SPD: Chance auf modernes Gymnasium wird versemmelt

Kurz vor Schuljahresanfang wirft die Landtags-SPD dem Kultusministerium fehlenden Mut bei der Reform des Gymnasiums in Bayern vor. „Wir hätten die Chance, das Gymnasium neu aufzustellen - doch die wird im Moment versemmelt“, sagte der Vorsitzende des Landtags-Bildungsausschusses, Martin Güll (SPD), der Deutschen Presse-Agentur.

Stühle stehen in einem leeren Klassenzimmer auf den Tischen. Foto: Jens Kalaene/Archiv

München.Unter Federführung des Kultusministeriums werden seit einigen Monaten die Details erarbeitet, wie das Gymnasium nach der beschlossenen Rückkehr zu neun Jahren Regeldauer aussehen soll. Offizielles Startdatum für die Reform ist in einem Jahr. De facto aber starten an den Gymnasien jetzt die ersten Fünftklässler, die das G9 durchlaufen werden - in der fünften Klassen bleibt zunächst alles beim Alten.

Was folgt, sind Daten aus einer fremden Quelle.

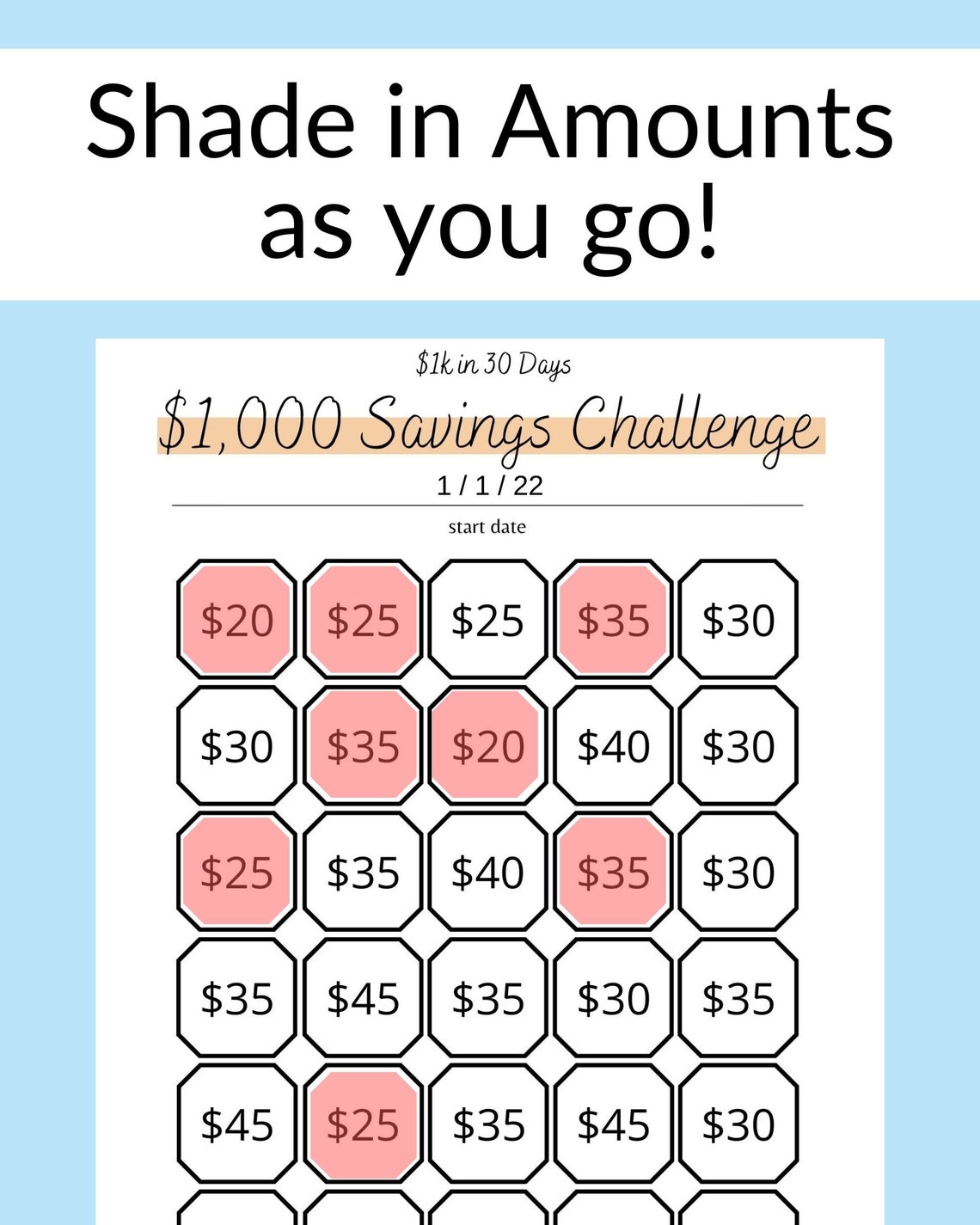30 Day Savings Challenge (printable PDF) | Save 1,000 in 30 Days ...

Güll sagte, eigentlich müsste sich das Gymnasium von einer Pauk- zu einer Arbeitsschule ändern, in der Schüler viel stärker individuell arbeiten könnten. Es müsste eine umfassende Berufsvorbereitung auf verschiedene Berufsfelder geben. Zudem müsste sich die Lebenswirklichkeit stärker in den Lehr- und Lernplänen abbilden, mit digitaler Bildung von der ersten Minute an und mit mehr Alltagstauglichkeit. Das alles komme im Moment zu kurz. Und „das bisschen Digitalisierung“, das hinzukommen solle, reiche nicht aus.

Kultusminister Ludwig Spaenle (CSU) will am Freitagvormittag Zahlen und wesentliche Neuerungen zum neuen Schuljahr vorstellen. Dieses beginnt am kommenden Dienstag, nach sechs Wochen Sommerferien.